# RECORDS SHOWN:
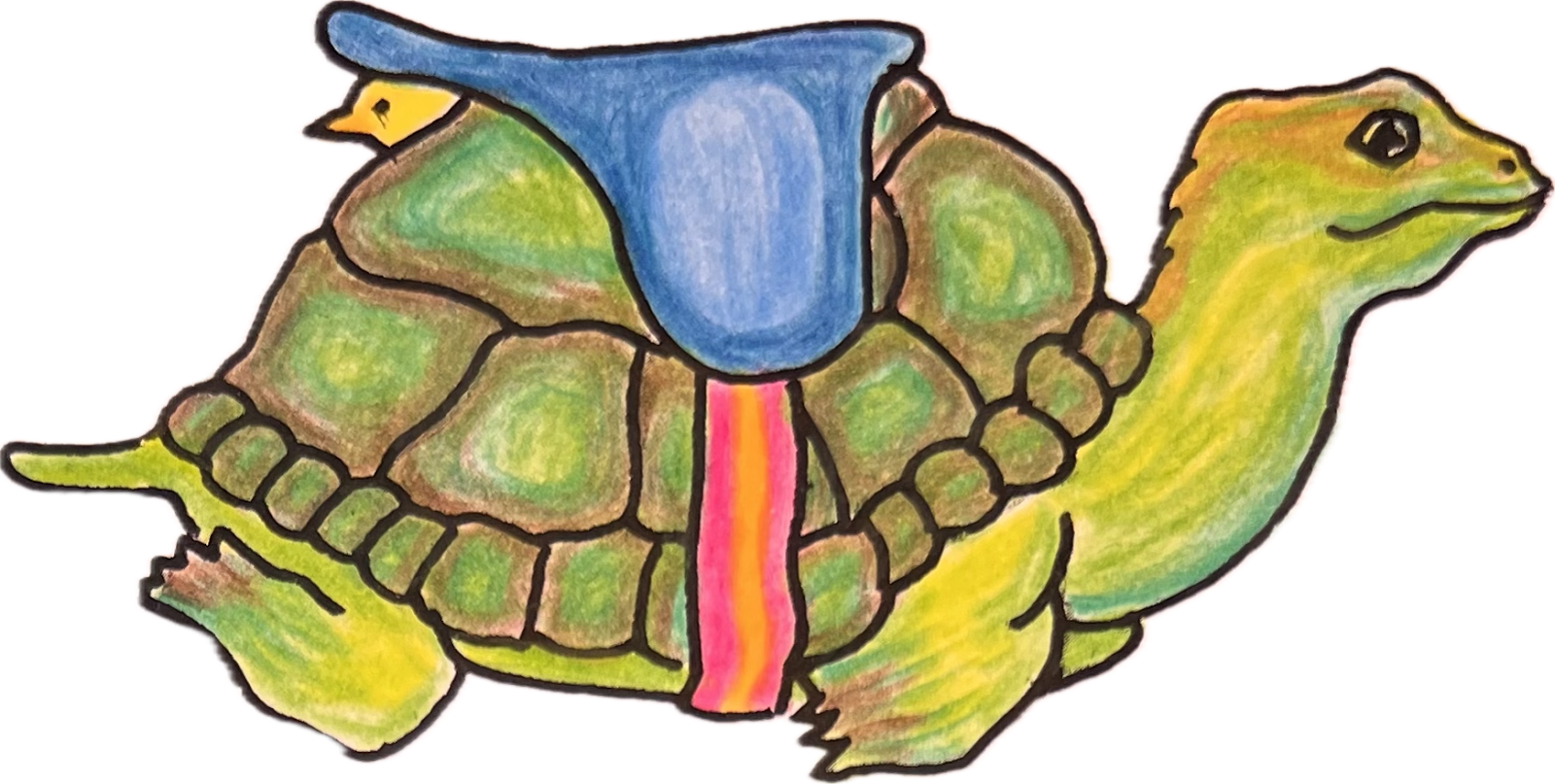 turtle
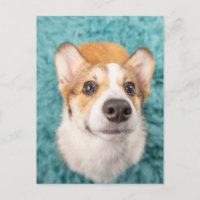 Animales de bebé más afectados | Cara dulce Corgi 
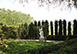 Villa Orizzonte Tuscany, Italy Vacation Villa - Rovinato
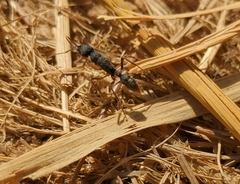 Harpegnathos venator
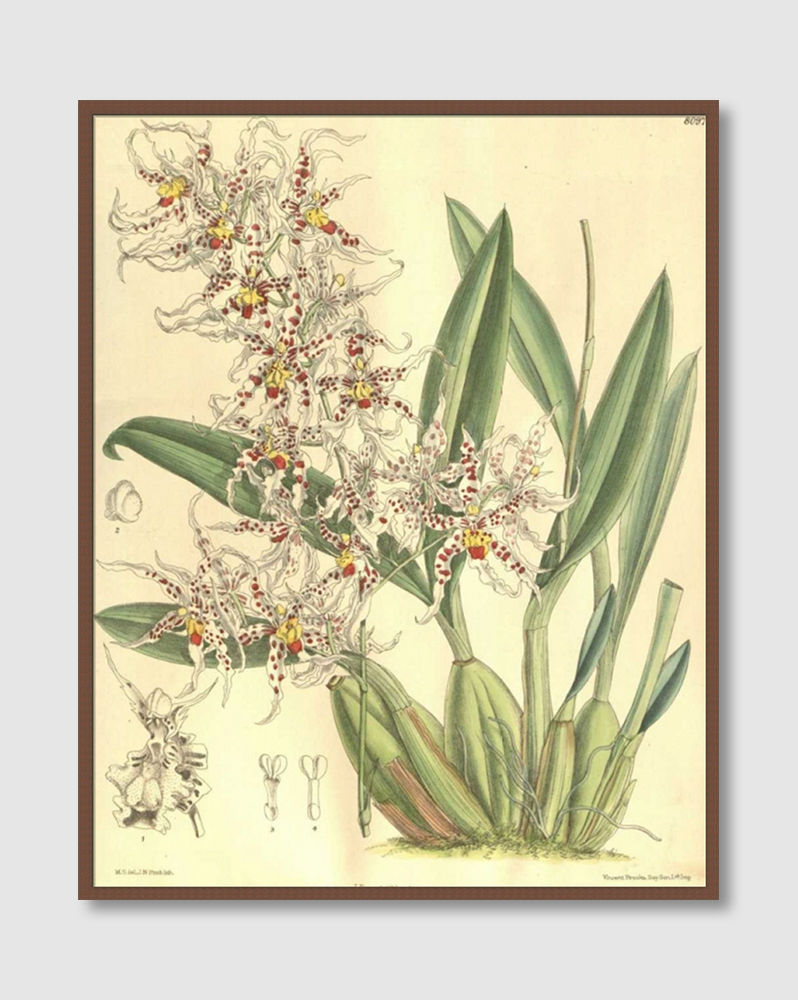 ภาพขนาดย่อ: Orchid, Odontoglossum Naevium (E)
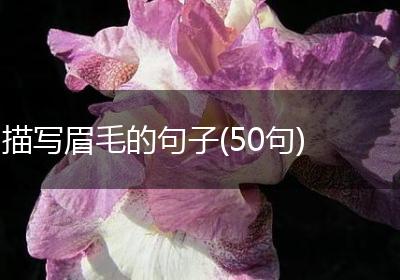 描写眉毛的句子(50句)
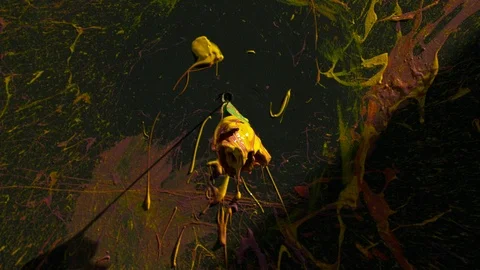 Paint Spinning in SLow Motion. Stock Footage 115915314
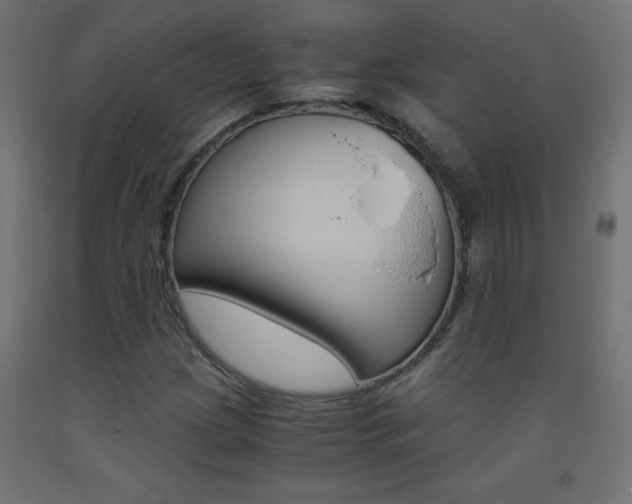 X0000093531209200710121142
==
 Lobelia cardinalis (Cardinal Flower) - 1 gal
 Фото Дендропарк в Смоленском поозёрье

# EXERCISE DIRECTIONS:
Give back, exactly and without pictures, the stretch of the records above from the line containing "Animales de bebé" through the line containing "X0000093531209200710121142", with both end lines included.

# ANSWER SECTION:
 Animales de bebé más afectados | Cara dulce Corgi 
 Villa Orizzonte Tuscany, Italy Vacation Villa - Rovinato
 Harpegnathos venator
 ภาพขนาดย่อ: Orchid, Odontoglossum Naevium (E)
 描写眉毛的句子(50句)
 Paint Spinning in SLow Motion. Stock Footage 115915314
 X0000093531209200710121142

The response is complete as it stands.